__Directions__
For the material below, reproduce exactly each line from the one that has "Betimoda White String" through the one that has "Joyspun Women's Seamless", and no others; pictures stay out.

__Extracted information__
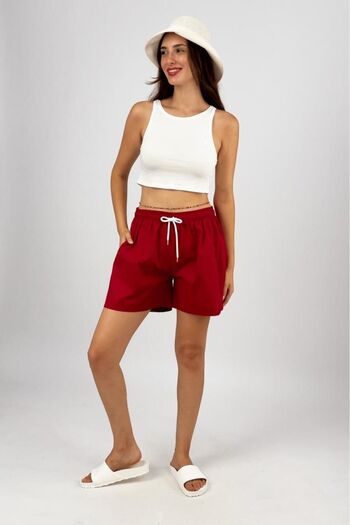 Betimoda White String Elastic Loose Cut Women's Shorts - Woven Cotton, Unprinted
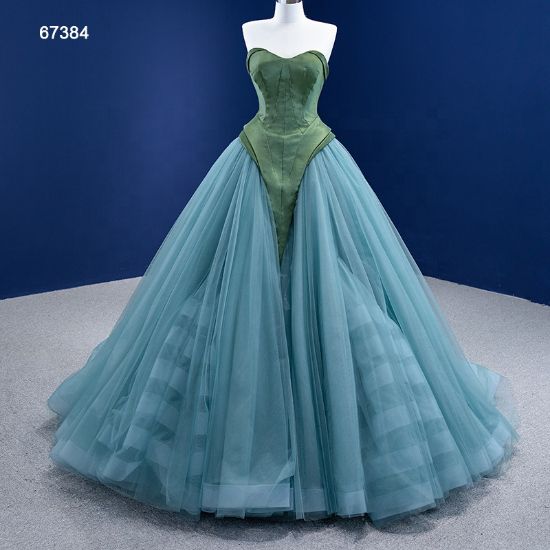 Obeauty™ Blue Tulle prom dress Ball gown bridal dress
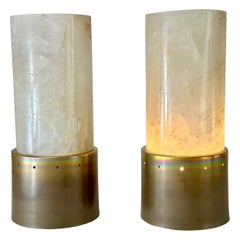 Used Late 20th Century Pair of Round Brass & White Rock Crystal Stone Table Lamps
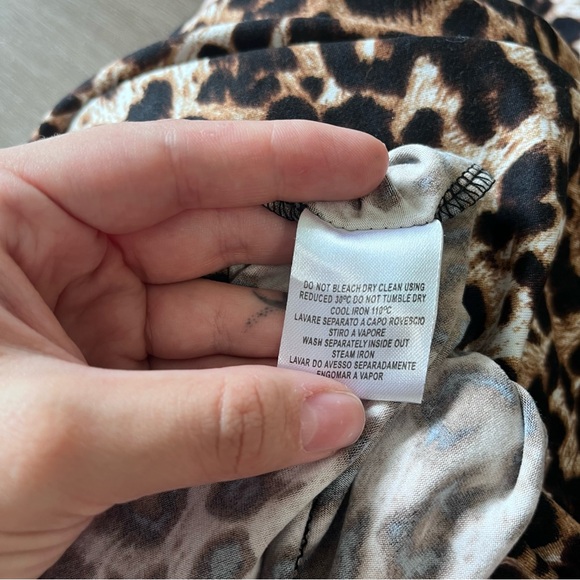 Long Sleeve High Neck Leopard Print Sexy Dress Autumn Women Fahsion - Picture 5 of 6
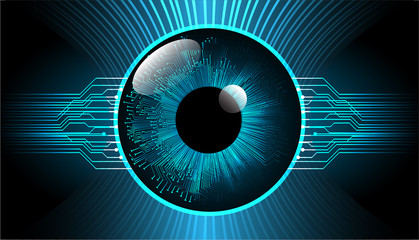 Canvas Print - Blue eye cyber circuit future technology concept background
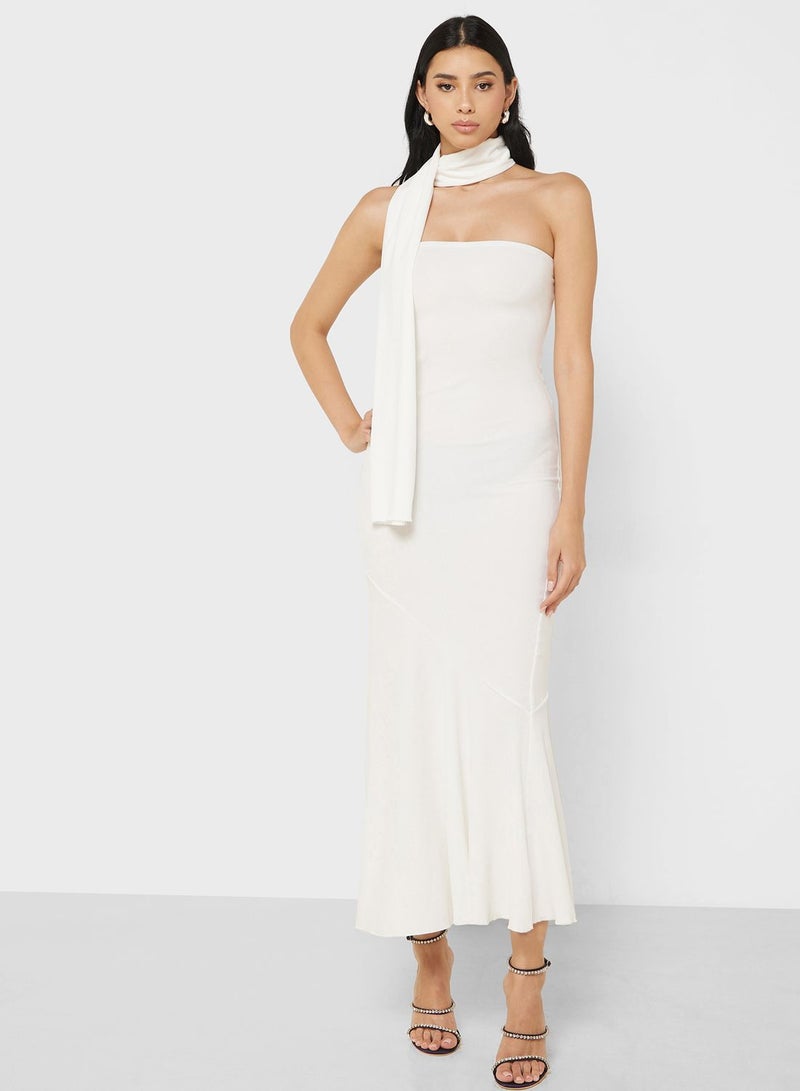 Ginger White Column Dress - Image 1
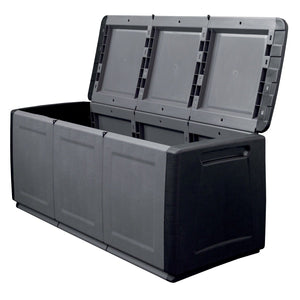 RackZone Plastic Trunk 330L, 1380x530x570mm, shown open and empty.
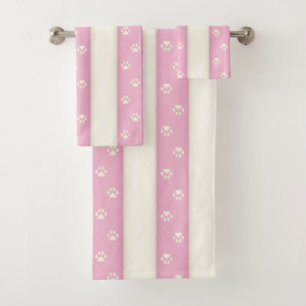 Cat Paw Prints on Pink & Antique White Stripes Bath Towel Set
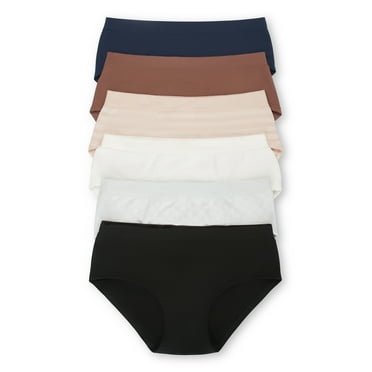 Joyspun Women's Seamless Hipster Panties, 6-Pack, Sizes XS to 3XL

* * *

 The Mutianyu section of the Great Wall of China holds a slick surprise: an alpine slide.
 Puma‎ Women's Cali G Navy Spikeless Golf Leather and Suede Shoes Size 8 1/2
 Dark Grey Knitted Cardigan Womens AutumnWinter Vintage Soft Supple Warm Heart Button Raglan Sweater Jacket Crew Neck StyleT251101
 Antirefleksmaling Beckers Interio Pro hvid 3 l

__Response to this task__
 Betimoda White String Elastic Loose Cut Women's Shorts - Woven Cotton, Unprinted
 Obeauty™ Blue Tulle prom dress Ball gown bridal dress
 Used Late 20th Century Pair of Round Brass & White Rock Crystal Stone Table Lamps
 Long Sleeve High Neck Leopard Print Sexy Dress Autumn Women Fahsion - Picture 5 of 6
 Canvas Print - Blue eye cyber circuit future technology concept background
 Ginger White Column Dress - Image 1
 RackZone Plastic Trunk 330L, 1380x530x570mm, shown open and empty.
 Cat Paw Prints on Pink & Antique White Stripes Bath Towel Set
 Joyspun Women's Seamless Hipster Panties, 6-Pack, Sizes XS to 3XL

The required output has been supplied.